Task goal: Restate the records in full, keeping every word as it is.

===== Supplied records

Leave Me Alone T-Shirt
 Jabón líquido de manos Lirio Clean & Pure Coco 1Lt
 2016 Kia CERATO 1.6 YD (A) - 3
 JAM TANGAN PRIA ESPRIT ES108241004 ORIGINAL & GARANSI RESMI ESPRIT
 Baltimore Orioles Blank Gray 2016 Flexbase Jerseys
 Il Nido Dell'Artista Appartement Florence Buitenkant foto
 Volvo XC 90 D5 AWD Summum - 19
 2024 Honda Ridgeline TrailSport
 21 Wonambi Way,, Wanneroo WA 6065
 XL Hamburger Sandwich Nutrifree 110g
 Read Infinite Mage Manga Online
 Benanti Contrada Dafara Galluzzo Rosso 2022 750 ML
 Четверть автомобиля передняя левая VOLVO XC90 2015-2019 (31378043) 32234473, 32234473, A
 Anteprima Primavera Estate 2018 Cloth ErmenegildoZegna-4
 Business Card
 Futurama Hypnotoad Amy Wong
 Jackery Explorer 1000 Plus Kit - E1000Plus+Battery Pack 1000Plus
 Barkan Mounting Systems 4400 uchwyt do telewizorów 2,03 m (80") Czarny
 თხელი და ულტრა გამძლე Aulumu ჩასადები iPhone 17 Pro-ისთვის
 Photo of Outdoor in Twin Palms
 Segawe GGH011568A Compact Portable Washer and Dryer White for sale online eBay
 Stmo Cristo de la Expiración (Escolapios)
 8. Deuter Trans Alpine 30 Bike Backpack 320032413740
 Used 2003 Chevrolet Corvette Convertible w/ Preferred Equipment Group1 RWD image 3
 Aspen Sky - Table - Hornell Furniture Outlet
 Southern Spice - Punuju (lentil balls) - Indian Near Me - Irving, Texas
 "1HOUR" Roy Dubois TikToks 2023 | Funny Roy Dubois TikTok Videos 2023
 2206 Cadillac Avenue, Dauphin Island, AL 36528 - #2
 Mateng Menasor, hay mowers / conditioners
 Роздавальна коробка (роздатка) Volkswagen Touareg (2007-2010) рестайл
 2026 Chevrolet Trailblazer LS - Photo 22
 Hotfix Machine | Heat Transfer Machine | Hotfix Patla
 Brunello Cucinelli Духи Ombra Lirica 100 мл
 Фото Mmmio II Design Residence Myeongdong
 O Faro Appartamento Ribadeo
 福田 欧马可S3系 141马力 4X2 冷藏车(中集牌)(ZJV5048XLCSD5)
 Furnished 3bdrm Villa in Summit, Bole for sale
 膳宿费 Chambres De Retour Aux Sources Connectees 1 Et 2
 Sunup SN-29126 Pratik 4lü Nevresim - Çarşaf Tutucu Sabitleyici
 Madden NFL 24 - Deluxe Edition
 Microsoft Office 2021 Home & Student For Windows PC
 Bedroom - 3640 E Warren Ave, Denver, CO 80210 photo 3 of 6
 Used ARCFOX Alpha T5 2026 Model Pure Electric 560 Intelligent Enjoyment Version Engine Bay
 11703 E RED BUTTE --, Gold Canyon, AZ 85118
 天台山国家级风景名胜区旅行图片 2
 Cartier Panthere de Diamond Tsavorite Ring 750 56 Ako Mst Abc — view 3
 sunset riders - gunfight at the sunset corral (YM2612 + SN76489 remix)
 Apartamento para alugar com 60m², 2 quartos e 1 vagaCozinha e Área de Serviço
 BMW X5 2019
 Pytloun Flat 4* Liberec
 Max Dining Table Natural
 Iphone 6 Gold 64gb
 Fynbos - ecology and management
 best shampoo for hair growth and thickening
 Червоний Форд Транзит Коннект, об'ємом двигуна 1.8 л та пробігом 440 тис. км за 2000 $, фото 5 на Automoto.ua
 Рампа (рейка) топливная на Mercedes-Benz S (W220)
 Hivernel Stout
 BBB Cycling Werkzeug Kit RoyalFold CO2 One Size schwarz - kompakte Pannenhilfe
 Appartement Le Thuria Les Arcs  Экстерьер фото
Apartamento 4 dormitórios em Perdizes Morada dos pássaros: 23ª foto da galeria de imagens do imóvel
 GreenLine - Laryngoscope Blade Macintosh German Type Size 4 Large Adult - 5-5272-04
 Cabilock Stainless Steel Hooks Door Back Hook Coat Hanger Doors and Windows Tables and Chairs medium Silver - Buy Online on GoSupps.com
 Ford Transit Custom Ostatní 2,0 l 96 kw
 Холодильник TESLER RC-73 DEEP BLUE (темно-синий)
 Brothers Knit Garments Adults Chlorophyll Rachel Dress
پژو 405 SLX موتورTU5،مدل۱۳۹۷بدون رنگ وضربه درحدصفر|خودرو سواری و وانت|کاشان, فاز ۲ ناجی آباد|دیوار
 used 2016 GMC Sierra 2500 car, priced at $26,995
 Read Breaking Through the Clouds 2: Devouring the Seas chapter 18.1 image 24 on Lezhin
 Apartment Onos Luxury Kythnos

==========

Exercise answer:
Leave Me Alone T-Shirt
 Jabón líquido de manos Lirio Clean & Pure Coco 1Lt
 2016 Kia CERATO 1.6 YD (A) - 3
 JAM TANGAN PRIA ESPRIT ES108241004 ORIGINAL & GARANSI RESMI ESPRIT
 Baltimore Orioles Blank Gray 2016 Flexbase Jerseys
 Il Nido Dell'Artista Appartement Florence Buitenkant foto
 Volvo XC 90 D5 AWD Summum - 19
 2024 Honda Ridgeline TrailSport
 21 Wonambi Way,, Wanneroo WA 6065
 XL Hamburger Sandwich Nutrifree 110g
 Read Infinite Mage Manga Online
 Benanti Contrada Dafara Galluzzo Rosso 2022 750 ML
 Четверть автомобиля передняя левая VOLVO XC90 2015-2019 (31378043) 32234473, 32234473, A
 Anteprima Primavera Estate 2018 Cloth ErmenegildoZegna-4
 Business Card
 Futurama Hypnotoad Amy Wong
 Jackery Explorer 1000 Plus Kit - E1000Plus+Battery Pack 1000Plus
 Barkan Mounting Systems 4400 uchwyt do telewizorów 2,03 m (80") Czarny
 თხელი და ულტრა გამძლე Aulumu ჩასადები iPhone 17 Pro-ისთვის
 Photo of Outdoor in Twin Palms
 Segawe GGH011568A Compact Portable Washer and Dryer White for sale online eBay
 Stmo Cristo de la Expiración (Escolapios)
 8. Deuter Trans Alpine 30 Bike Backpack 320032413740
 Used 2003 Chevrolet Corvette Convertible w/ Preferred Equipment Group1 RWD image 3
 Aspen Sky - Table - Hornell Furniture Outlet
 Southern Spice - Punuju (lentil balls) - Indian Near Me - Irving, Texas
 "1HOUR" Roy Dubois TikToks 2023 | Funny Roy Dubois TikTok Videos 2023
 2206 Cadillac Avenue, Dauphin Island, AL 36528 - #2
 Mateng Menasor, hay mowers / conditioners
 Роздавальна коробка (роздатка) Volkswagen Touareg (2007-2010) рестайл
 2026 Chevrolet Trailblazer LS - Photo 22
 Hotfix Machine | Heat Transfer Machine | Hotfix Patla
 Brunello Cucinelli Духи Ombra Lirica 100 мл
 Фото Mmmio II Design Residence Myeongdong
 O Faro Appartamento Ribadeo
 福田 欧马可S3系 141马力 4X2 冷藏车(中集牌)(ZJV5048XLCSD5)
 Furnished 3bdrm Villa in Summit, Bole for sale
 膳宿费 Chambres De Retour Aux Sources Connectees 1 Et 2
 Sunup SN-29126 Pratik 4lü Nevresim - Çarşaf Tutucu Sabitleyici
 Madden NFL 24 - Deluxe Edition
 Microsoft Office 2021 Home & Student For Windows PC
 Bedroom - 3640 E Warren Ave, Denver, CO 80210 photo 3 of 6
 Used ARCFOX Alpha T5 2026 Model Pure Electric 560 Intelligent Enjoyment Version Engine Bay
 11703 E RED BUTTE --, Gold Canyon, AZ 85118
 天台山国家级风景名胜区旅行图片 2
 Cartier Panthere de Diamond Tsavorite Ring 750 56 Ako Mst Abc — view 3
 sunset riders - gunfight at the sunset corral (YM2612 + SN76489 remix)
 Apartamento para alugar com 60m², 2 quartos e 1 vagaCozinha e Área de Serviço
 BMW X5 2019
 Pytloun Flat 4* Liberec
 Max Dining Table Natural
 Iphone 6 Gold 64gb
 Fynbos - ecology and management
 best shampoo for hair growth and thickening
 Червоний Форд Транзит Коннект, об'ємом двигуна 1.8 л та пробігом 440 тис. км за 2000 $, фото 5 на Automoto.ua
 Рампа (рейка) топливная на Mercedes-Benz S (W220)
 Hivernel Stout
 BBB Cycling Werkzeug Kit RoyalFold CO2 One Size schwarz - kompakte Pannenhilfe
 Appartement Le Thuria Les Arcs  Экстерьер фото
Apartamento 4 dormitórios em Perdizes Morada dos pássaros: 23ª foto da galeria de imagens do imóvel
 GreenLine - Laryngoscope Blade Macintosh German Type Size 4 Large Adult - 5-5272-04
 Cabilock Stainless Steel Hooks Door Back Hook Coat Hanger Doors and Windows Tables and Chairs medium Silver - Buy Online on GoSupps.com
 Ford Transit Custom Ostatní 2,0 l 96 kw
 Холодильник TESLER RC-73 DEEP BLUE (темно-синий)
 Brothers Knit Garments Adults Chlorophyll Rachel Dress
پژو 405 SLX موتورTU5،مدل۱۳۹۷بدون رنگ وضربه درحدصفر|خودرو سواری و وانت|کاشان, فاز ۲ ناجی آباد|دیوار
 used 2016 GMC Sierra 2500 car, priced at $26,995
 Read Breaking Through the Clouds 2: Devouring the Seas chapter 18.1 image 24 on Lezhin
 Apartment Onos Luxury Kythnos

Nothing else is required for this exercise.